WHAT THE TASK REQUIRES —
Your answer must be an exact copy of the data, without any pictures.

PROVIDED MATERIAL —

**********

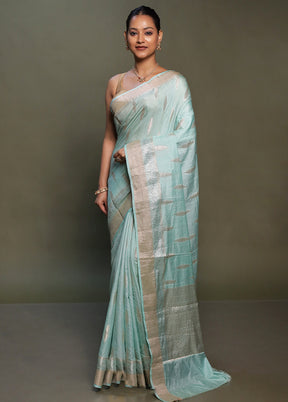 Blue Dupion Silk Saree With Blouse Piece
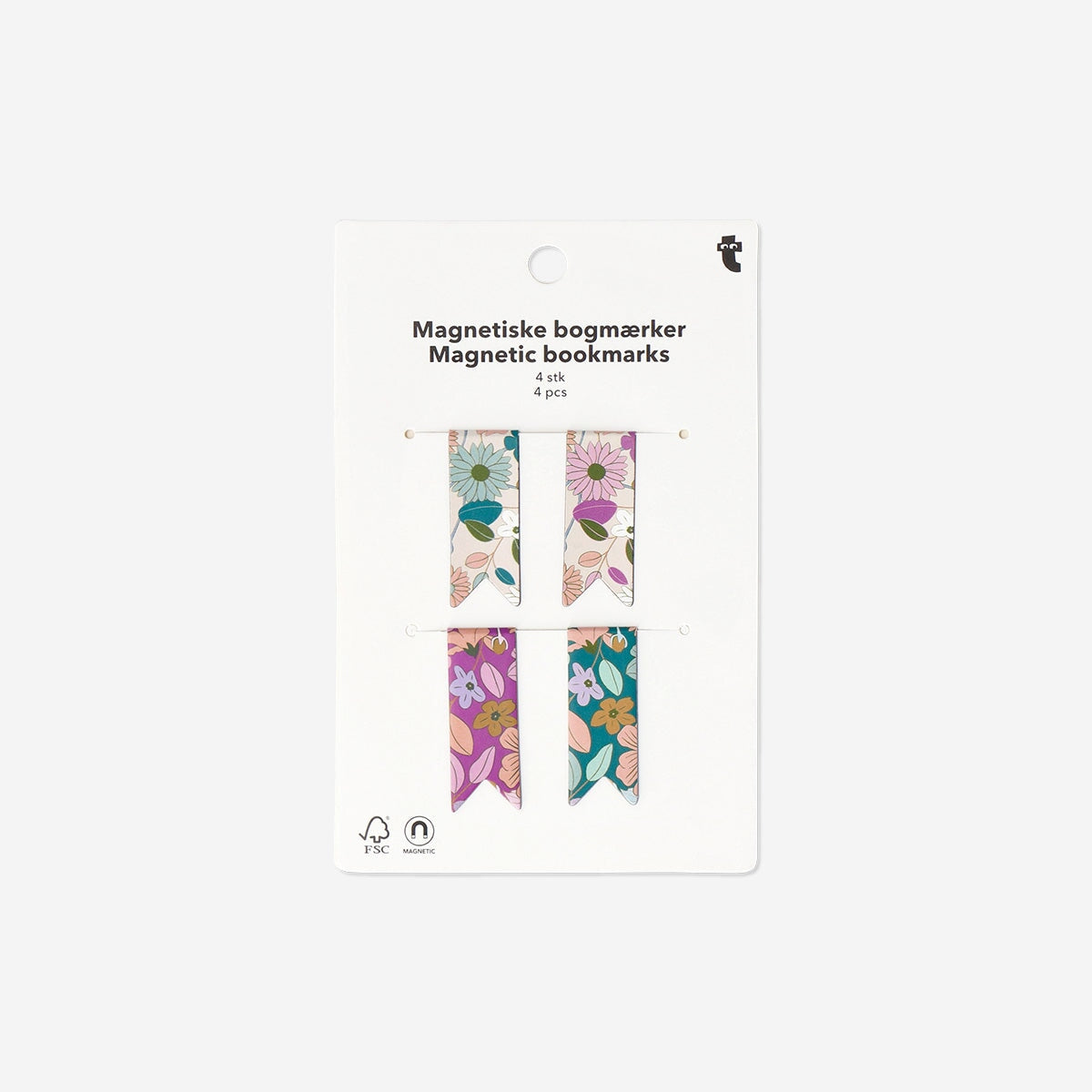 Floral magnetic bookmarks - 4 pcs office Flying Tiger Copenhagen 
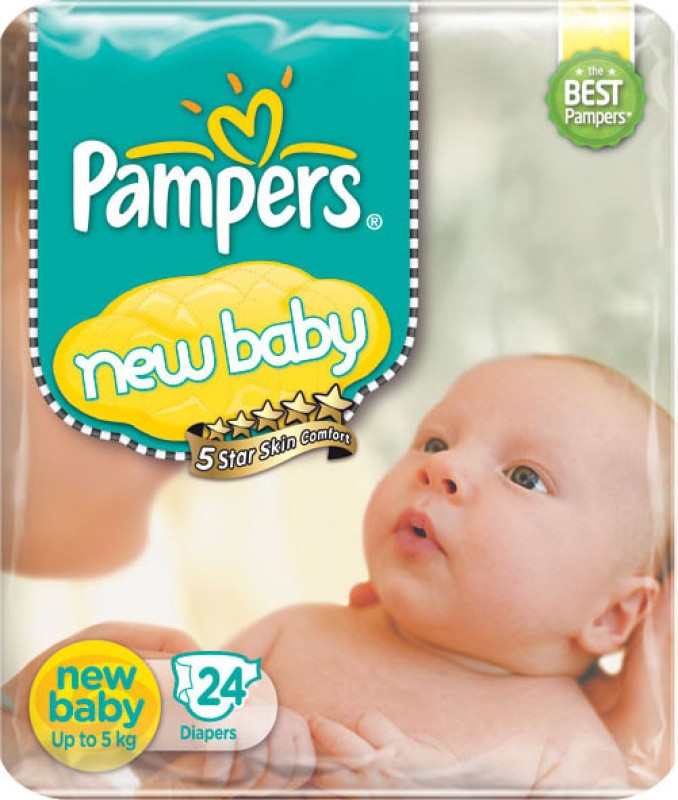 Pampers New baby Diapers Taped Newborn Size(24 Pieces)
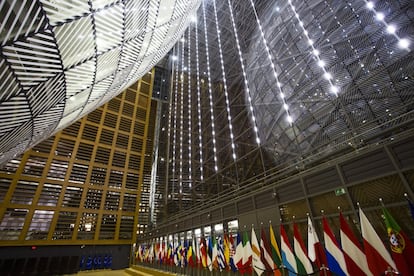 Interior del Edificio Europa, conocido popularmente como 'El Huevo', el centro de operaciones del Consejo Europeo.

**********

OUTPUT FOR THIS EXERCISE —
 Blue Dupion Silk Saree With Blouse Piece
 Floral magnetic bookmarks - 4 pcs office Flying Tiger Copenhagen 
 Pampers New baby Diapers Taped Newborn Size(24 Pieces)
 Interior del Edificio Europa, conocido popularmente como 'El Huevo', el centro de operaciones del Consejo Europeo.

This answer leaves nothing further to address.